Statistics on credit
When it comes to credit, almost everyone has it. A recent study by Hoffman & Brinker revealed that Americans totaled up to $ 917 billion in credit debt by September 2009. Almost 70 percent of that credit debt is past due.
It’s not exactly classified information that a lot of people used too much credit, and the truth is that lenders changed rules in terms of lending and limits. Without an action plan, many Americans will find themselves at a difficult juncture in their finances. Mortgage loans, car loans and unsecured loans are no longer given out to just any applicant. Prior to the recession lending laws were lax. It was easy to get funding and almost every credit-scored applicant could find some lender to extend money. Granted, that money often came with a hefty interest rates, but many people were willing to pay the price.
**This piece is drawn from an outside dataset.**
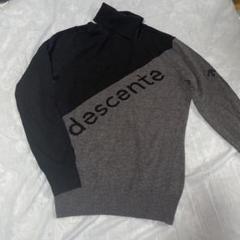 descente ゴルフ ハイネックセーター S黒/グレー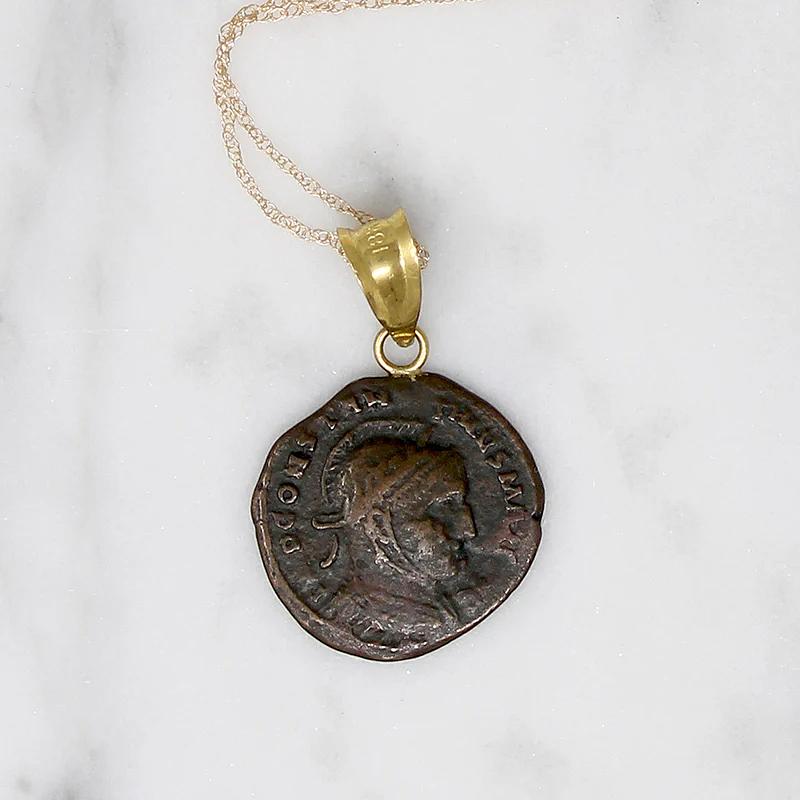 Emperor Constantine Roman Copper Coin in Gold Necklace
Today’s world of cash management
The lending crash had the biggest effect on people going cash-only. Because of the huge number of defaulting borrowers, credit card companies decided to take drastic action in an effort to mitigate their losses. They raised their interest rates to where they were unmanageable, and then cut limits. One consumer, Daphne Harringe of Cincinnati, Ohio, said, “We always used credit to manage our monthly bills. Always. Then suddenly our interest rate shot up to 27 percent after one delinquency. It was difficult to manage, but we realized that we had to switch to cash if we were going to save our future.”
More and more consumers are heading towards a cash-based money management system. In particular because of the way credit lenders handled the recession, borrowers realized how unreliable credit can be. More consumers are moving away from funding methods like credit cards, mortgage loans, and unsecured loans. They are opting to use cash instead of credit, and take their future in their own hands.